Intervention de Gérard Delfau

Réunion du 9 décembre 2004 à 21h30
Loi de finances pour 2005 — Iv. - logement

Photo de Gérard DelfauGérard Delfau :

S'agissant du budget du logement, monsieur le ministre, je serai moins sévère que je ne l'ai été à propos de celui de la ville.

Certes, ici encore, nous constatons la même fâcheuse aptitude à reporter au-delà de l'année 2005 une partie importante du coût des mesures proposées et, ce faisant, à hypothéquer l'avenir.

Mais nous reconnaissons à ce projet de budget une nette augmentation des crédits, une ambition très louable de doublement des constructions de logements sociaux, un traitement équilibré de toutes les formes d'accès à l'habitat, le maintien, et même l'extension à l'ancien du prêt à taux zéro, avec un élargissement du critère familial.

Cette dernière mesure a été sauvée in extremis grâce à la mobilisation des élus de toutes tendances. Elle est aujourd'hui confortée, ce dont je me réjouis. Prenons garde pourtant, monsieur le ministre, que le passage d'une formule à l'autre en février se fasse sans rupture. Je sais que vous y travaillez avec les établissements financiers des opérateurs du logement, et nous vous souhaitons un total succès.

Heureuse aussi est la hausse de la dotation du projet de loi de finances qui s'adresse aux catégories sociales intermédiaires dont le niveau de ressources empêche aussi bien l'accès au logement social classique qu'à l'accession à la propriété.

Bienvenu enfin est le relèvement du budget de l'ANAH, dont les crédits avaient, il est vrai, beaucoup diminué au cours de ces deux dernières années.
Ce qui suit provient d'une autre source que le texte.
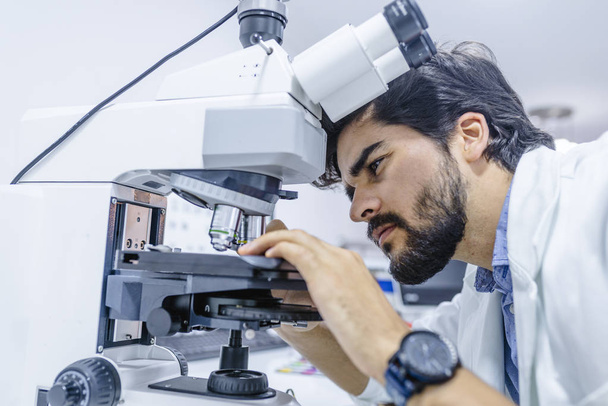 Young Student Researcher Man Work with Lab Microscope.  Handsome man examining glass slide samples while working at his lab microscope. Close-up of a male scientific researcher - Φωτογραφία, εικόνα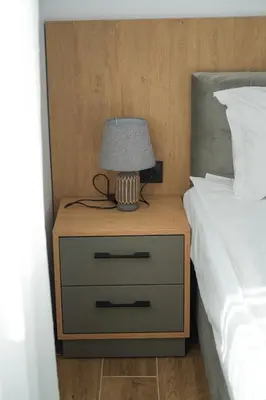 a nightstand with a lamp on it next to a bed at Sun City Apartment in Sandanski
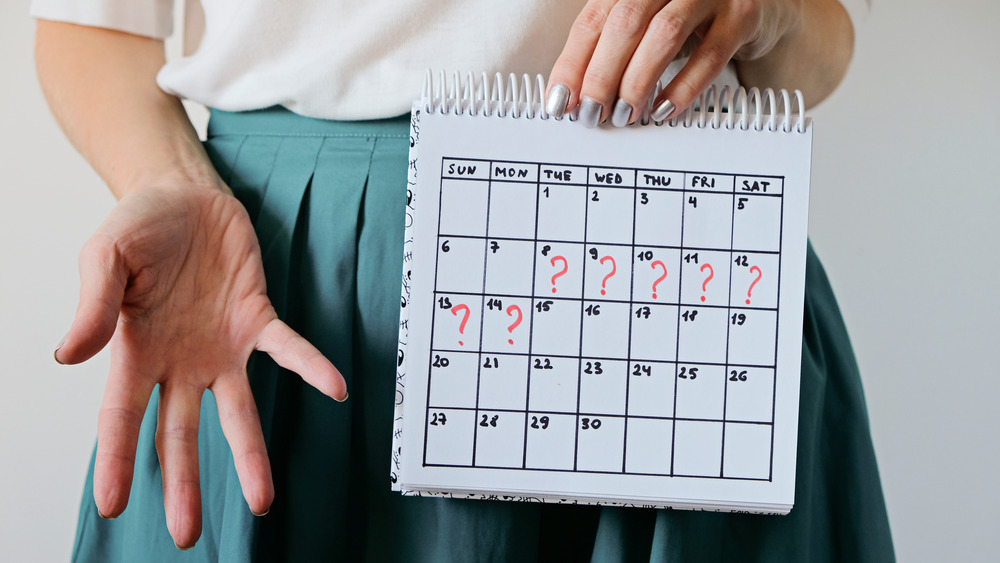 Confused woman holding up a calendar trying to track her period 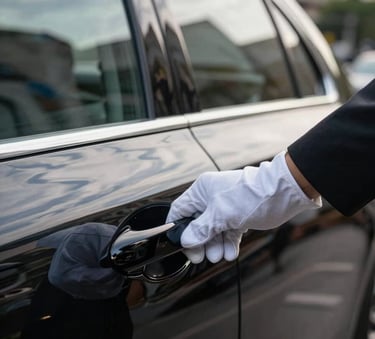 A close-up shot of a gloved hand opening the polished black door of a luxury executive sedan in a high-end district of a South American city. Soft white and dusty blue reflections on the car's surface, professional and sophisticated atmosphere.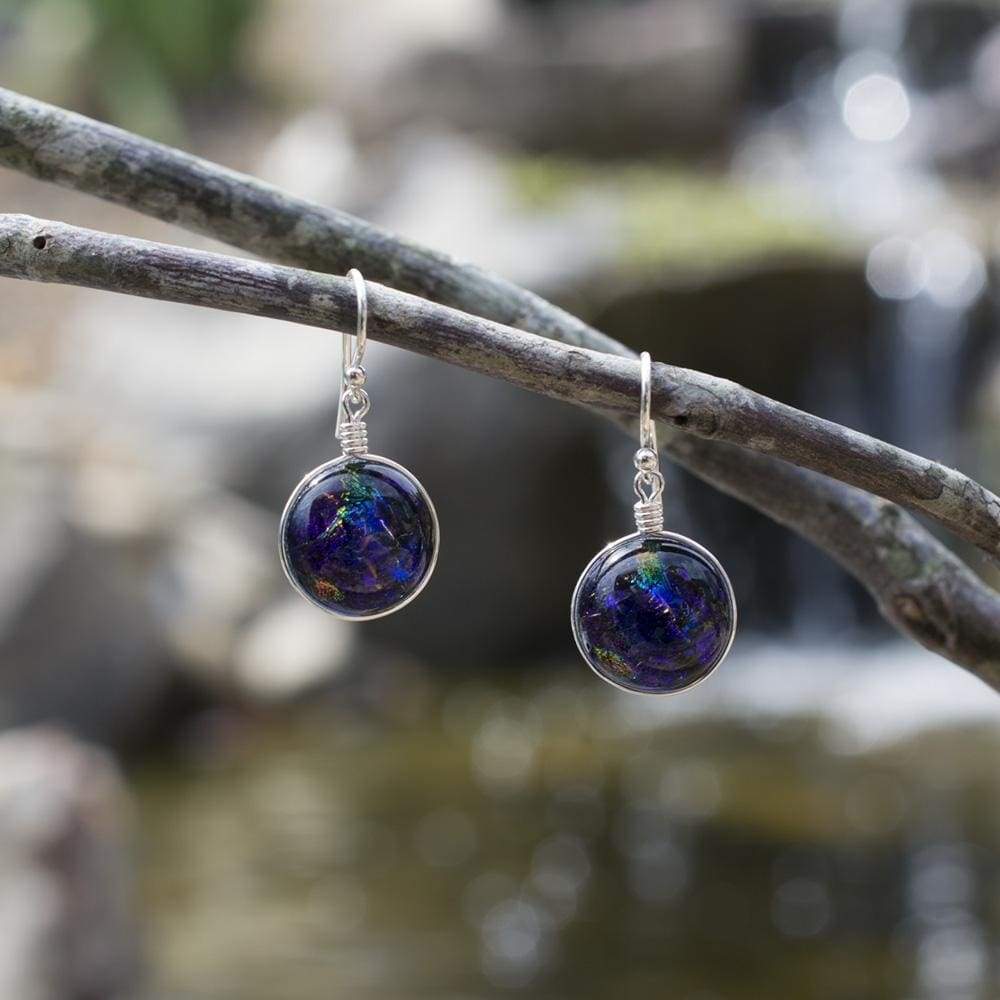 Jupiter Earrings. Outdoor setting. Circular dangles made from dark purple dichroic glass.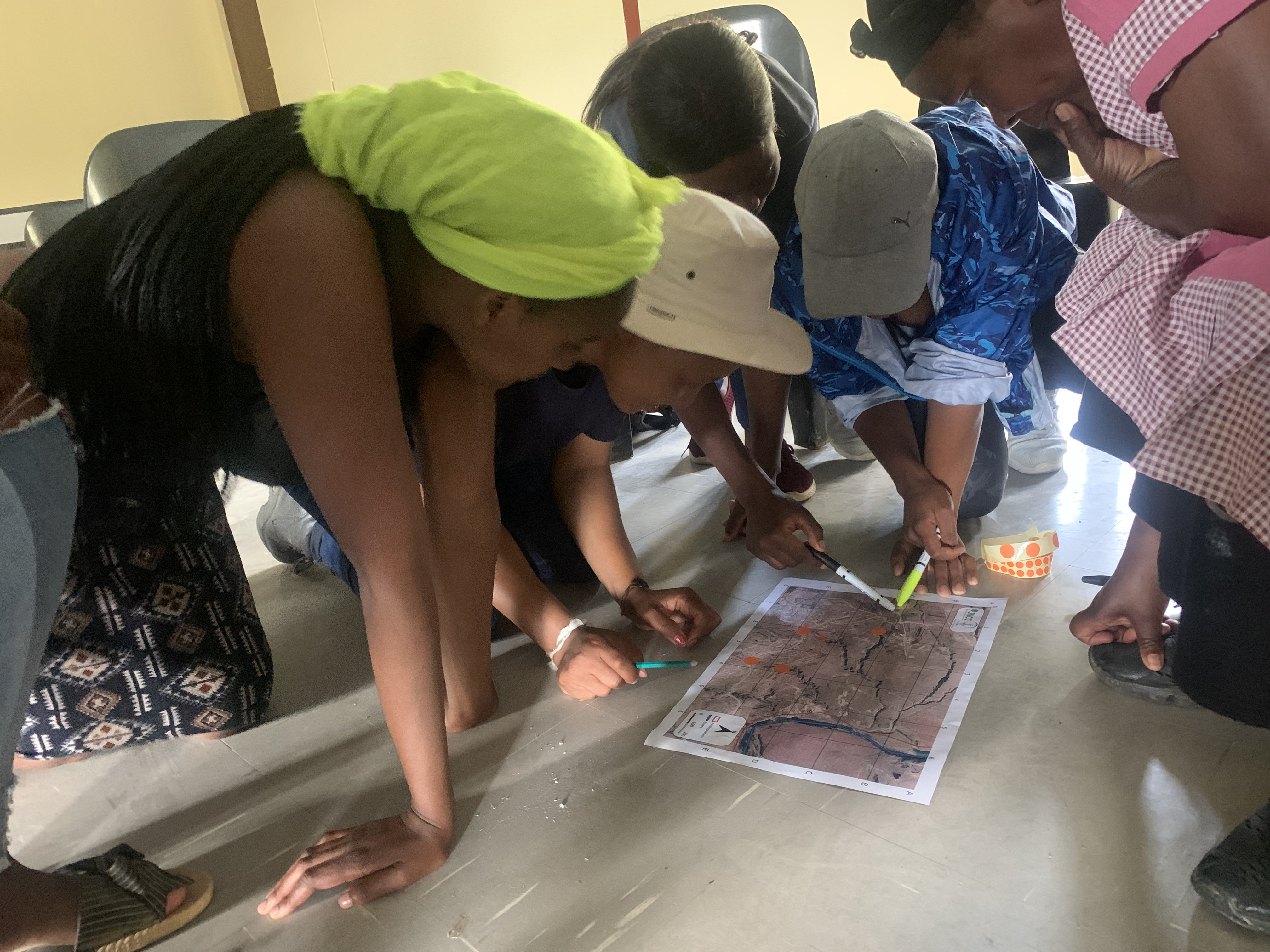 Photo of people gathered around looking and pointing at a map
Cette agence joue un rôle important dans la rénovation de l'habitat ancien et la mise en location de logements inoccupés.
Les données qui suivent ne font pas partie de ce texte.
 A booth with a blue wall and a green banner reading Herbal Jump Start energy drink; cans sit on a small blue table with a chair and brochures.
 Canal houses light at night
En revanche, je suis sceptique sur la capacité de financement du doublement du parc locatif social, même si l'objectif est en soi nécessaire. En effet, l'essentiel de l'effort repose sur les organismes d'HLM et sur les collectivités territoriales, à un moment où celles-ci se voient chargées de nouvelles compétences, sans transfert de ressources correspondantes.

J'ai, en septembre dernier, comme certains de mes collègues ici, assisté, à Montpellier, au congrès de l'Union nationale des offices d'HLM. J'ai entendu ses dirigeants exprimer la crainte de ne pouvoir honorer ce contrat. J'ai participé, en novembre dernier, au congrès des maires où les élus ont exprimé la même inquiétude.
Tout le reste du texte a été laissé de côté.